Qui ne sait le point critique dont nous datons dans l’homme, l’être parlant : la sépulture, soit où, d’une espèce, s’affirme qu’au contraire d’aucune autre, le corps mort y garde ce qui au vivant donnait le caractère : corps. Corpse reste, ne devient charogne, le corps qu’habitait la parole, que le langage corpsifiait.

La zoologie peut partir de la prétention de l’individu à faire l’être du vivant, mais c’est pour qu’il en rabatte, à seulement qu’elle le poursuive au niveau du polypier.

Le corps, à le prendre au sérieux, est d’abord ce qui peut porter la marque propre à le ranger dans une suite de signifiants. Dès cette marque, il est support de la relation, non éventuel, mais nécessaire, car c’est encore la supporter que de s’y soustraire.

D’avant toute date, Moins-Un désigne le lieu dit de l’Autre (avec le sigle du grand A) par Lacan. De l’Un-en-Moins, le lit est fait à l’intrusion qui avance de l’extrusion ; c’est le signifiant même.

Ainsi ne va pas toute chair. Des seules qu’empreint le signe à les négativer, montent, de ce que corps s’en séparent, les nuées, eaux (62)supérieures, de leur jouissance, lourdes de foudres à redistribuer corps et chair.

Répartition peut-être moins comptable, mais dont on ne semble pas remarquer que la sépulture antique y figure cet « ensemble » même, dont s’articule notre plus moderne logique.

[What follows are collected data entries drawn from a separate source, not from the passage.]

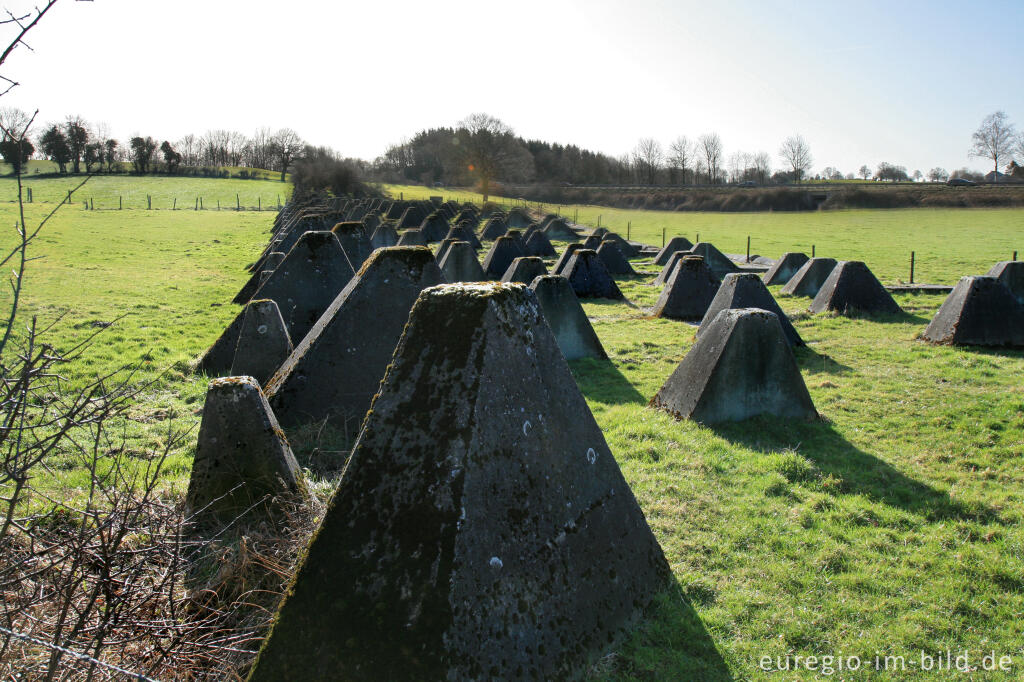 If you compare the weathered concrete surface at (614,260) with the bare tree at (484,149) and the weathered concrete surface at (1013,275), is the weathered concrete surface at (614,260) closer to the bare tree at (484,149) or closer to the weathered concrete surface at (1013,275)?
the weathered concrete surface at (1013,275)

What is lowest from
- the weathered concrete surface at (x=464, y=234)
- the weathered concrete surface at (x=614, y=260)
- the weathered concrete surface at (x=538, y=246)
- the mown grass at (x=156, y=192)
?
the weathered concrete surface at (x=614, y=260)

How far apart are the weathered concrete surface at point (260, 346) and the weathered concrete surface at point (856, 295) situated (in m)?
12.6

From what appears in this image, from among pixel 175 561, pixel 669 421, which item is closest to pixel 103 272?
pixel 669 421

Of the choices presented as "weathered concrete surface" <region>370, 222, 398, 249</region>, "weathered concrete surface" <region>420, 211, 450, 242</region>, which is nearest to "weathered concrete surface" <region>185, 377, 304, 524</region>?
"weathered concrete surface" <region>370, 222, 398, 249</region>

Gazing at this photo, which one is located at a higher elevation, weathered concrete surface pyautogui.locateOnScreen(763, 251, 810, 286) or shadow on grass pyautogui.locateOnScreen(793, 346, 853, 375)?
weathered concrete surface pyautogui.locateOnScreen(763, 251, 810, 286)

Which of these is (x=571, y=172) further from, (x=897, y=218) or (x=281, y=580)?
(x=281, y=580)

L’ensemble vide des ossements est l’élément irréductible dont s’ordonnent, autres éléments, les instruments de la jouissance, colliers, gobelets, armes : plus de sous-éléments à énumérer la jouissance qu’à la faire rentrer dans le corps.

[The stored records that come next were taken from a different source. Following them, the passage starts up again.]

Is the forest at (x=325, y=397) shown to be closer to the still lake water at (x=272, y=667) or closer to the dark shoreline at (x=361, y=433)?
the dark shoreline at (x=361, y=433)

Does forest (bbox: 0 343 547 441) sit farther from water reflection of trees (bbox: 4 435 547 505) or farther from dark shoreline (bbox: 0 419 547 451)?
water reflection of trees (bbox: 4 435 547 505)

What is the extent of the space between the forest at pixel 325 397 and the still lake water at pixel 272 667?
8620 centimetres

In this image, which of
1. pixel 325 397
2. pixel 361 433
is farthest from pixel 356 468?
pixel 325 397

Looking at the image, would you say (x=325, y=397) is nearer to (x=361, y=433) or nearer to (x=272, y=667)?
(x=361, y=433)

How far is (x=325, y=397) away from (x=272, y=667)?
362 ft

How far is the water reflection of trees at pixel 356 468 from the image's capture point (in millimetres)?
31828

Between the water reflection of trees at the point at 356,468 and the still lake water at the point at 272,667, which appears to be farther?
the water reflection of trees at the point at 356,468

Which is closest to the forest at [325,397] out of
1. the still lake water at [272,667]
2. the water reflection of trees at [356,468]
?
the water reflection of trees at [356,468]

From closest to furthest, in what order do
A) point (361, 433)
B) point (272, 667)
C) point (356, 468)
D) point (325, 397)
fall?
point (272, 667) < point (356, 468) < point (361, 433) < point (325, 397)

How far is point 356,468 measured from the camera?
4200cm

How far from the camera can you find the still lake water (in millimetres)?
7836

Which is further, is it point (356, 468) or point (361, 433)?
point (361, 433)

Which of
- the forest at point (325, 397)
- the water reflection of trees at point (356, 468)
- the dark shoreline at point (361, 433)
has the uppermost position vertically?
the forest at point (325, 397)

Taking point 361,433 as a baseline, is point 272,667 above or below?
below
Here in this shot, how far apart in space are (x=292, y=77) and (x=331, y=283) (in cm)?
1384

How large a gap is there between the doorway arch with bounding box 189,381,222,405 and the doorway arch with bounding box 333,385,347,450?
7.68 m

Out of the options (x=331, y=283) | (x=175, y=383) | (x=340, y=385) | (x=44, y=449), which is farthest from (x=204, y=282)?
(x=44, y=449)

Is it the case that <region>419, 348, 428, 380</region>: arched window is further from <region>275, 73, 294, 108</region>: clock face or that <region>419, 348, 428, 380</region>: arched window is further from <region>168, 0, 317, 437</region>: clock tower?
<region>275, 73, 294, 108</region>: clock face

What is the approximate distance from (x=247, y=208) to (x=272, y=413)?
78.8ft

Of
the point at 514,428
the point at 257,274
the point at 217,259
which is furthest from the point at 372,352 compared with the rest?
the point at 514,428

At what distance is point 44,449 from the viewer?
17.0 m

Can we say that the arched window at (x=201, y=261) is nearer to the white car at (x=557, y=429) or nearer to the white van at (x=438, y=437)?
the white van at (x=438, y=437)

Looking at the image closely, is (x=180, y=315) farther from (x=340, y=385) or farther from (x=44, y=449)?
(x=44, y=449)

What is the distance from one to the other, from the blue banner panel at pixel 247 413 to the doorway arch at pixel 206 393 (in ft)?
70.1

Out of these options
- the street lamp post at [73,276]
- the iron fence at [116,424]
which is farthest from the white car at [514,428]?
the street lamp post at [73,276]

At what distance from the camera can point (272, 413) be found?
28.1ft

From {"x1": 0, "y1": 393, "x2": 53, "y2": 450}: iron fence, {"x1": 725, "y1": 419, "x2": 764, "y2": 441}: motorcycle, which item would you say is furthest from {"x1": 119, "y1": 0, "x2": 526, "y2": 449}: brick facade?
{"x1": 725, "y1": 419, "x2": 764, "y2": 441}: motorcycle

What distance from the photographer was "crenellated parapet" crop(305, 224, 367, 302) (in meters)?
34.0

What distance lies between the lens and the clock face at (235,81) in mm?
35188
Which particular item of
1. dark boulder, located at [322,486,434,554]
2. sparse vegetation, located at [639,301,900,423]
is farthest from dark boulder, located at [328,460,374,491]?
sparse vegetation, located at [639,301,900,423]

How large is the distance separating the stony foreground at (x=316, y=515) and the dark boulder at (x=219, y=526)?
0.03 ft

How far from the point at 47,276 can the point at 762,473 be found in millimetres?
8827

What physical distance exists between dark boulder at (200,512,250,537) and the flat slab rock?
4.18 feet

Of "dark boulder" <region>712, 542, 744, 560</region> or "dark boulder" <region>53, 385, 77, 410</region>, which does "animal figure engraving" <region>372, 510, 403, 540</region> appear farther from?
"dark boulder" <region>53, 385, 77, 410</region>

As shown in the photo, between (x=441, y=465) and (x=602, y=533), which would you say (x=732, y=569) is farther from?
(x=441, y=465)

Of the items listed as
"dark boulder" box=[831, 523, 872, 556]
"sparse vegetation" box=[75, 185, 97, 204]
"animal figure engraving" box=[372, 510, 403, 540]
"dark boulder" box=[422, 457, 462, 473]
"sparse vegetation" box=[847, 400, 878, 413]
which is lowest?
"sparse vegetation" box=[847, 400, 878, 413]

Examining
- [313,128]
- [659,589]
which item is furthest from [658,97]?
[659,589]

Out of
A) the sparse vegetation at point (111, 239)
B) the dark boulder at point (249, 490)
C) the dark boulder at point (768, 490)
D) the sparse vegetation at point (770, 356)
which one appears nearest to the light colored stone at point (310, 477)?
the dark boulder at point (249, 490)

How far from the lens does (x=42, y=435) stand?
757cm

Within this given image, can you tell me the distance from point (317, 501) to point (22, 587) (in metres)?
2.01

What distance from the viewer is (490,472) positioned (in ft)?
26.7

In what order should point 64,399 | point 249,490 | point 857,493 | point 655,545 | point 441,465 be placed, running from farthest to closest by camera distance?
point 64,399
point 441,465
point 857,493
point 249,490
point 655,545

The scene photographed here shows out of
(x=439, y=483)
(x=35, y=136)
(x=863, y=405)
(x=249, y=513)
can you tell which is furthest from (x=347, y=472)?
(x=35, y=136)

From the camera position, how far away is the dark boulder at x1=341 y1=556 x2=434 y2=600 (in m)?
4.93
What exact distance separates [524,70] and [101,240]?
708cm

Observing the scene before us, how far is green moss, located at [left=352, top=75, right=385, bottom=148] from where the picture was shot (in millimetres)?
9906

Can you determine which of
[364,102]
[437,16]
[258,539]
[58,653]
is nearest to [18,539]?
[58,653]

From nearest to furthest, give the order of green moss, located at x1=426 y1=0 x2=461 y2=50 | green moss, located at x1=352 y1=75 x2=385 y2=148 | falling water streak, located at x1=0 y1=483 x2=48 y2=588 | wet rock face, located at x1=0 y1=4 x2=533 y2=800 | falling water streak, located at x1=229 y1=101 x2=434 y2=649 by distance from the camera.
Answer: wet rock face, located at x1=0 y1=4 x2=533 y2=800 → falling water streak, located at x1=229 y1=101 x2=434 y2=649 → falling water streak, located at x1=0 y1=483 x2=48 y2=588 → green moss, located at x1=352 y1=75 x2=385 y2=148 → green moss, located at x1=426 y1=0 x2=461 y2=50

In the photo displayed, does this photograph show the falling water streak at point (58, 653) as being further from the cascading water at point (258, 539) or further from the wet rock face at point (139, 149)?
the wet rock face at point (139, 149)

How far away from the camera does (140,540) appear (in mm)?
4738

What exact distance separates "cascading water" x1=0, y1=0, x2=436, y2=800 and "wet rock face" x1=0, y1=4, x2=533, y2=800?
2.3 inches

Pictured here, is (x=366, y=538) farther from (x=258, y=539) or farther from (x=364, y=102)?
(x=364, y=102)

Ai-je animé la structure ? Assez, je pense, pour, des domaines qu’elle unirait à la psychanalyse, annoncer que rien n’y destine les deux que vous dites, spécialement.

La linguistique livre le matériel de l’analyse, voire l’appareil dont on y opère. Mais un domaine ne se domine que de son opération. L’inconscient peut être comme je le disais la condition de la linguistique. Celle-ci n’en a pas pour autant sur lui la moindre prise.